Center for Talented Youth recognizes highest achievers at Grand Ceremony

CTY Executive Director Elaine Tuttle Hansen poses with student honorees


Back in May, one of the first things Mehar Johal did every morning was check whether his test scores had been posted online. After months of studying, waiting for the test results seemed unbearable.

Image caption: CTY Executive Director Elaine Tuttle Hansen with CTY alumni Pelu Tran (left) and Mia Howard.


Johal had taken the Advanced SCAT, originally designed to test high school students' academic abilities. As a participant in the Johns Hopkins Center for Talented Youth's 2015 Talent Search, Johal, from Princeton, New Jersey, had taken the SCAT as a sixth-grader, simply to see how well he could do.
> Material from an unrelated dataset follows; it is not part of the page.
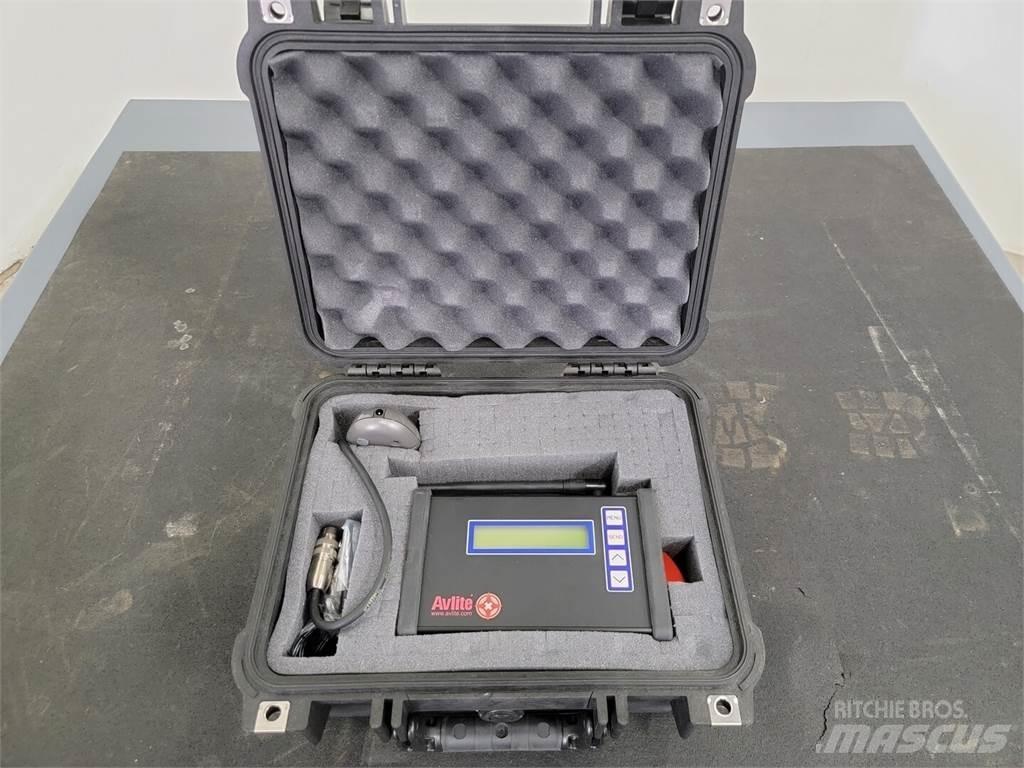  AVLITE SYSTEMS Other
Turns out, he did exceptionally well: his scores earned him an invitation to the Center for Talented Youth's Grand Ceremony, which was held Sunday at Shriver Hall on Johns Hopkins University's Homewood campus.
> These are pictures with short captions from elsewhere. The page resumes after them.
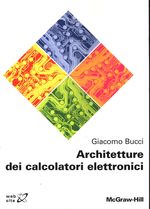 Giacomo_Bucci_Architetture dei calcolatori elettronici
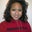 Steph M.'s profile image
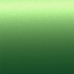 Daewoo 15U Apple Green базова автоемаль ADI UPP - 0.8л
"I was so excited," he said. "I couldn't wait to take a road trip to Maryland."

The annual ceremony celebrates middle school students like Johal who, as Talent Search participants, achieve high scores on an above-grade-level test—scores that would be impressive even for a high school senior.

Of the 30,648 students in grades two through eight who participated in CTY's 2015 Talent Search, less than four percent—1,175 students—earned scores high enough to be recognized at Sunday's Grand Ceremony. Honorees also qualified for CTY's summer and online programs.

Some came wearing high heels and fancy dresses, others in sneakers and favorite jeans, many traveling from as far away as Washington state and Japan. Some were new to CTY. Other students, like Annabel Zhao from Villanova, Pennsylvania, had attended CTY programs and credited them with connecting her with challenging coursework and a community of learners.

"I'm usually shy at school, but when I came to CTY, I made friends who introduced me to the joys of music and socializing," she said.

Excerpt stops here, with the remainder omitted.